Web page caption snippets
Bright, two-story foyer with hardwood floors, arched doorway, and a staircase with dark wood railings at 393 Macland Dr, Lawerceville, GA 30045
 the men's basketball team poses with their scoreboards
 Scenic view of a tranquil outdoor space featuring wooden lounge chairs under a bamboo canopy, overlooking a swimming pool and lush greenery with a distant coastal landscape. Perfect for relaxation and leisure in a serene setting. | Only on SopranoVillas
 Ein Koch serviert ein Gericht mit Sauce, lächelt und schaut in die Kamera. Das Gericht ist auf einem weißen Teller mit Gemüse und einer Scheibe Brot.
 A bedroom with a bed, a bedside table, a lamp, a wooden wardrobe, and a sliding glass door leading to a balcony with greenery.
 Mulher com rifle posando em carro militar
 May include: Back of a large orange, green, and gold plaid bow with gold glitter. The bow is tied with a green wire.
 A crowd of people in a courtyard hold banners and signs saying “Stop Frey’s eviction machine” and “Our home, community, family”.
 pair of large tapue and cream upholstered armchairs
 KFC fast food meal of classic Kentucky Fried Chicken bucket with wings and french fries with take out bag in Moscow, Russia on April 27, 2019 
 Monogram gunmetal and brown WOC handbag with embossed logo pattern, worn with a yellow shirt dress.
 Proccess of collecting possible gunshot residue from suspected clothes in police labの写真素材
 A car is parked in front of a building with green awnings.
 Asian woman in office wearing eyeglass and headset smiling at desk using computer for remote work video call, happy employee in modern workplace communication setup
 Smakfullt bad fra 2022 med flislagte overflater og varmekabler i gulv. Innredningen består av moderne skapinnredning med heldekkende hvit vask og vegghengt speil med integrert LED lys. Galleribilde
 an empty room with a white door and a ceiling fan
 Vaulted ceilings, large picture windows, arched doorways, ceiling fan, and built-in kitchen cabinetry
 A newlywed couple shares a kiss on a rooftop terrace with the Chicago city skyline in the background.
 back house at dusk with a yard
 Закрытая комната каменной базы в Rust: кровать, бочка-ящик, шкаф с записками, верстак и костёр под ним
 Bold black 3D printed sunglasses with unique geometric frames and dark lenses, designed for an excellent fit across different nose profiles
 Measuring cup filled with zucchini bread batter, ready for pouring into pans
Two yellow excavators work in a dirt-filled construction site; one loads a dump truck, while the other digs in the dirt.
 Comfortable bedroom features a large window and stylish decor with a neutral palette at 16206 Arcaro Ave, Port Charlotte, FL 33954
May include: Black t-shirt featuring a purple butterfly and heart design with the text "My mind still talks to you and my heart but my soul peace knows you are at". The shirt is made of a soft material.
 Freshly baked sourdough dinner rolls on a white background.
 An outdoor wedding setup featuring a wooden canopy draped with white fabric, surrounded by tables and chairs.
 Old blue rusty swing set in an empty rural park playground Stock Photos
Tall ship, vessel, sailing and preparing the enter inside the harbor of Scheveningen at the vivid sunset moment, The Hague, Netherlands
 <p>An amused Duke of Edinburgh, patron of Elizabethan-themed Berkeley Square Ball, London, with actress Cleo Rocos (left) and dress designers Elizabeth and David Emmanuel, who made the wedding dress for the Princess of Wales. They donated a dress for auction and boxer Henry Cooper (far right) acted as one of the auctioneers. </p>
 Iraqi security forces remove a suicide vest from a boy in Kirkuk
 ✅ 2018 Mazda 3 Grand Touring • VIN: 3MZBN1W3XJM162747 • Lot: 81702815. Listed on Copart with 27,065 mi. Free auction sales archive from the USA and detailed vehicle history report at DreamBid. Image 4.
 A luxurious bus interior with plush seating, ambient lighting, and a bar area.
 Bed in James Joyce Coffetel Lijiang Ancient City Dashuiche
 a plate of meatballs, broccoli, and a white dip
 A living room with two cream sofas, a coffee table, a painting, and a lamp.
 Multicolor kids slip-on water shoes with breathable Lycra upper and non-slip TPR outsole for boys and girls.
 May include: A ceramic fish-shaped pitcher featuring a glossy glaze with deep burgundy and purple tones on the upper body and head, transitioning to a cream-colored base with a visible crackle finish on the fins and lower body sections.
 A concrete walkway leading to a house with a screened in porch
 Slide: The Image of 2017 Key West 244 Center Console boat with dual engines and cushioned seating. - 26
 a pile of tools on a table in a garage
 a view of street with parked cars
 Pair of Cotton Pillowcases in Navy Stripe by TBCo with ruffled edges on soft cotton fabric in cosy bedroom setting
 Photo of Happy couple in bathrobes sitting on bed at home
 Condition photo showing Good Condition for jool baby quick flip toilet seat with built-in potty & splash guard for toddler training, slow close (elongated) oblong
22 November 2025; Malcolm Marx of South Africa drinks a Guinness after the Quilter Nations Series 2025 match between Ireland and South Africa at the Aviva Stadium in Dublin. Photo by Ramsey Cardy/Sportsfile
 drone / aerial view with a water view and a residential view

▶ _YOUR GOAL_
Across all the records above, find each line with "empty" in it and copy it.

▶ _THE COMPLETED TASK_
 an empty room with a white door and a ceiling fan
 Old blue rusty swing set in an empty rural park playground Stock Photos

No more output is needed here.